UPN Television Network, Weekly Series 2004-2005
Starring Kristen Bell and Harry Hamlin
Review by Hans Sherrer
For Justice:Denied magazine
Veronica Mars is a one-hour weekly series that premiered in the fall of 2004 on the UPN television network. It is also the name of the lead character. Veronica is a spunky, hyper-inquisitive, resourceful and persistent student at Neptune High School located in a trendy Southern California beach town. Need it be said that she is blond?
In her spare time Veronica helps her dad with his one-man private investigation firm. She also conducts her own investigations solving situations involving classmates and other people she knows ranging from the theft of thousands of dollars during a friendly poker game, to the electronic rigging of the student elections, to threats to bomb Neptune High, to finding her missing next-door neighbor.
As she goes about solving mysteries in her everyday life, Veronica is on the look-out for information to solve a big mystery: What were the circumstances of the death the previous year of her best friend, Lilly Kane? A former business partner of Lilly’s father was convicted and sentenced to death after confessing to her murder. Veronica, however, has assembled enough facts to become convinced the man didn't kill her. Among other things, she learns he has an airtight alibi: He was with his girlfriend far from the crime scene at the time of Lilly’s death.
The challenge Veronica has set for herself is to find proof of who killed Lilly. Her pursuit of the truth about her friends death is personal for another reason: Her dad lost his job as sheriff after refusing to rule-out Lilly’s wealthy and politically powerful dad as a suspect.
While it may sound improbable that a high school student could keep her grades up, work on the school newspaper, and be a super-sleuth in her spare time, the program works. It is somewhat believable because Veronica, played by Kirsten Bell, primarily gathers information to solve a mystery by relying on her wits and hands-on techniques that include taking photographs, examining records, and interviewing people. Veronica is a cross between Sherlock Holmes and Erin Brockovich.
A person who has done something wrong or is involved in something nefarious most definitely doesn’t want Veronica Mars methodically tracking him or her like a blood-hound. Especially because she has a finely-tuned sense of handling things herself. At the end of one episode, for example, a young thief gleefully made his getaway with his girlfriend and what he thought was a bag of stolen steroids. However his mood most likely changed after discovering that Veronica switched his bag of steroids for one containing lots of saltwater taffy. Heh, the gals got a sense of humor to go with being an ace investigator.

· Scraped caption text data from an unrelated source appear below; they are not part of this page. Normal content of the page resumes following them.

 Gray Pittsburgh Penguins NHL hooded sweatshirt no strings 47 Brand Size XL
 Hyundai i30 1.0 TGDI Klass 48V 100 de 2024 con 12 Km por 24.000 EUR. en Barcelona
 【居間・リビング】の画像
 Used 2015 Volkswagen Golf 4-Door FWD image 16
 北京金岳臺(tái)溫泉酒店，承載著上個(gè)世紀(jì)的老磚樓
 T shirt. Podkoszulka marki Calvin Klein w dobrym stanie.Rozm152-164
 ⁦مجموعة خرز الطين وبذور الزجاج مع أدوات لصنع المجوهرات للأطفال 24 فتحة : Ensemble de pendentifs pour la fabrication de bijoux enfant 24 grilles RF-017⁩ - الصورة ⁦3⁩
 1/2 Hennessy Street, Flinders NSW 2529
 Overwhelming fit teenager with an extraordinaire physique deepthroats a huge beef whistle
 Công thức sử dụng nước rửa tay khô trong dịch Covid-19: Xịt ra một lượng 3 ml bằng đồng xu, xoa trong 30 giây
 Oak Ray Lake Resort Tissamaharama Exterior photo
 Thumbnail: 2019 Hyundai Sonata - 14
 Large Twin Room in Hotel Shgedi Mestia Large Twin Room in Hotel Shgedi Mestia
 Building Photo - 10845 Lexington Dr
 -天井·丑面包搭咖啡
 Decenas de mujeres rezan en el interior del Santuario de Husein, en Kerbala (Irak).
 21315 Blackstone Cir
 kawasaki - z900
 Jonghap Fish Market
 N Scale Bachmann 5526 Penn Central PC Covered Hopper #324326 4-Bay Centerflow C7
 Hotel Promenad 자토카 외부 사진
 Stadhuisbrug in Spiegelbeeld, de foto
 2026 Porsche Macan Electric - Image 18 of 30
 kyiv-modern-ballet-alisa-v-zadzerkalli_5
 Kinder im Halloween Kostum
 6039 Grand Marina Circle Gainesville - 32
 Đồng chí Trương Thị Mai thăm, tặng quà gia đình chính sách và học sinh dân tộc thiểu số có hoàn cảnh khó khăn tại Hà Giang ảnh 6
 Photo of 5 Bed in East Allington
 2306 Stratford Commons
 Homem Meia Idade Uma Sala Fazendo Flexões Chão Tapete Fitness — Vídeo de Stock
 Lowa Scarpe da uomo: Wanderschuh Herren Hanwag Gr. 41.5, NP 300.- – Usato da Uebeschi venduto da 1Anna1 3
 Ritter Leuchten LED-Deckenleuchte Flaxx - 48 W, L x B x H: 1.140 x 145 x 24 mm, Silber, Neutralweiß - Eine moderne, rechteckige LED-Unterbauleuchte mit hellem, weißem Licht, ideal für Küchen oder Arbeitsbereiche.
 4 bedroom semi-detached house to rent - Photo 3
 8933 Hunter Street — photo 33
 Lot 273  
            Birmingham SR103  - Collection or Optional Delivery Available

The episode broadcast on April 12, 2005 is an example of how Veronica solves puzzling situations. While working on an article for the school newspaper about an unusual number of fire drills - Veronica discovers they are actually being triggered by bomb threats phoned into the school. Veronica starts snooping around and discovers that a loner male Neptune High student appears to be tied to a website that has a clock counting down to an apocalyptic event predicted to occur in a few days. After Veronica sees the loner with another student who looks like a thug, she tailed the thuggish guy. He drove to a store where she snaps pictures of him loading four bags of fertilizer in his trunk, in which a semi-automatic rifle is also visible. Veronica soon finds out the “thug” is a BATF undercover agent who brags to her about his high number of arrests. A day or so later, as the website’s clock is winding down to zero, a Swat team descends on the loner in Neptune Highs’ parking lot. When the Swat team opens his trunk, Veronica sees - and then photographs - the fertilizer and rifle that she had seen and photographed the day before in the BATF agent’s trunk!
With photographic proof that the loner had been framed as a terrorist bomber by the BATF, Veronica wrote an article for the school paper. The article generated enough negative publicity about the government’s mishandling of the loner’s case that all the charges were dropped against him. It is left for the viewer to infer that the BATF agent built his impressive arrest record by planting evidence - such as the fake apocalyptic website, fertilizer and weapons - against innocent people who were “frameable” because they could be considered on the fringe of society.
Veronica solved the mystery of Lilly’s murder in the season finale. After figuring out where Lilly hid her personal items, Veronica found three sexually explicit video tapes showing Lilly in bed with a middle-aged movie actor. Lilly took the tapes, and when she told the man she was going to turn them over to a TV tabloid program he hit her in anger. Falling from the blow, she was killed when her head hit a concrete pool deck. The killer found out the hard way that his desperate efforts to conceal the truth of Lilly’s death were no match for Veronica’s sleuthing and survival skills. By solving the circumstances of her friend’s murder, Veronica also sprung an innocent man from death row who police, prosecutors, judges, jurors and the press had all mistakenly been convinced was her killer.
Veronica Mars is a fresh and bold program featuring a smart and earnest young woman who gains the respect of her peers and adults because of her investigative skills, and also because she is willing to put herself on the line to rectify a wrong or help a person in need.
In April 2005 the UPN television network announced that they would air a second season of Veronica Mars beginning in the fall.